A student pilot who has a mentor is three times as likely to finish training and stay involved in aviation.
That, says AOPA Executive Vice President Jeff Myers, is the reason his organization is reviving – and has revised substantially – its Project Pilot.
Project Pilot encourages experienced pilots to mentor students during their flight training. It is not competition for flight instructors, he emphasizes, but provides support and encouragement.
Myers calls Project Pilot “a long-term investment in the future.”
“Project Pilot is insurance for the future of general aviation and, frankly, of AOPA,” he said. “It’s a major investment of people and time.”
Project Pilot originated in 1994 “and it worked,” he said. “We mentored about 10,000 new pilots in the first year.” Since then, however, there has been a decline in the pilot and student pilot populations, for reasons ranging from aging of Americans to tougher security following the terrorist attacks in 2001.

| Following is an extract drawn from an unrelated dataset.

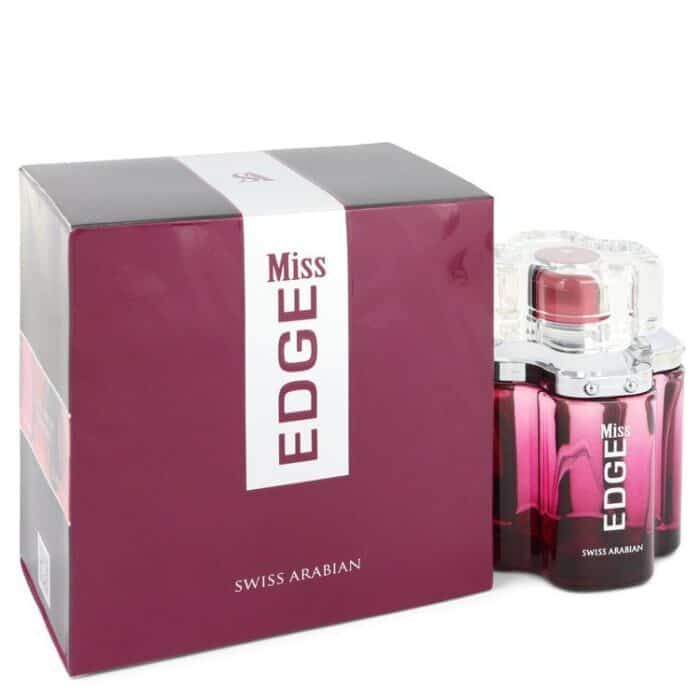 Miss Edge By Swiss Arabian - Eau De Parfum Spray 3.4 Oz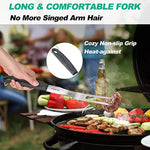 Premium Stainless Steel Large Grill Accessories Heavy Duty Bbq Set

The revised Project Pilot, which is web-based, was introduced at the AOPA Fly-In June 3. It provides information for bringing students and mentors together, sign-up for both, and in other ways is what Myers terms “a facilitating resource.” In addition, there is a six-minute video, found on the AOPA home page (AOPA.org), explaining Project Pilot.
Making the June 3 introduction was Eric Lindbergh, who credits mentoring for his career in aviation.
In addition to the mentoring program, Project Pilot offers information packages to participating mentors and students, and a new 32-page magazine. Mentors seeing a student through flight training to a license also will receive a unique cap, Myers said. “It won’t be available in any other way. Anyone wearing it will be someone who has brought a new pilot to aviation.”